The social media revolution? Campaigning online

Labour's hierarchy appear to be falling over themselves to have a social media presence. We find an 'independent' site campaigning for http://www.myspace.com/hazel4deputy while Peter Hain's http://www.myspace.com/peter_hain is openly his own. The BBC claims others such as Hilary Benn, Alan Johnson and Harriet Harman also have a profile but they appear to be hard to find. Facebook is also being utilised, but you have to register to find 'friends' and quite frankly I couldn't be bothered.
Social Media consultant Lee Odden talks of a holistic approach to marketing and that online communication should be part of a coordinated strategy. Is this the case, well perhaps. While there are a number of politicians that have successfully embraced the online environment as a form of communication, it seems that Webcameron has created a bandwagon where everyone thinking of campaigning is heading to their PCs first and trying to 'engage'. Will it work, who knows. The general argument (or criticism) is where is the pull factor? But Hazel Blears seems to be attracting a small group of supporters, could this be the beginning of a new stage in the professionalisation of political communication. That rather than being just in the local press, the national media, a serious MP needs to have a not just a website or a public email address but also a Wikipedia entry, a Facebook and Myspace profile, Podcasts on Youtube, a blog and whatever the next stage will be as well? Are we witnessing the birth of political communication via social media?
But there are problems. Are we all then to measure success through hits, friends etc. For a researcher it may make life simpler, we could produce spurious correlations between the Youtube view counter, the blogspot profile views and poll ratings (cool!), but will it prove anything? Is the next election likely to see an explosion in this, and links made between a successful online presence and success in the voting booths, or will this all implode as either users take over control of content or the views are so few it becomes an embarrassment? Questions, questions, questions!!!

2 comments:

David Phillips said...

What about measuring the extent to which political posts are 'pulled' by other users and then match the content to semantic concepts. It would indicate how much the online community is relevant to users and the affiliations by way of commen and uncommon values. Answers, answers.

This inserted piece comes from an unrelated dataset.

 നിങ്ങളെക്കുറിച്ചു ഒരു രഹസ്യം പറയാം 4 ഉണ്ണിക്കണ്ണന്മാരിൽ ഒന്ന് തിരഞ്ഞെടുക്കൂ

Darren G. Lilleker said...

So you propose to measure the number of links to MP's presences, assess the extent of a dialogic conversation and match it to 'values'. Interesting. But the aim of these sites is to attract the ordinary person, probably the non-voter; the online political community may well be more politically aware and the hits we see maybe driven by party activists wanting to give the impression of traffic (anonymity means we cannot treat them as representative or normal for research purposes)! Values, well whose, how could we define users' values? Is oppositionalism or cynicism a value? There is work to be done here but not sue if what you propose is one that can be developed or not at this stage. Lets chat!!!! (sorry more questions)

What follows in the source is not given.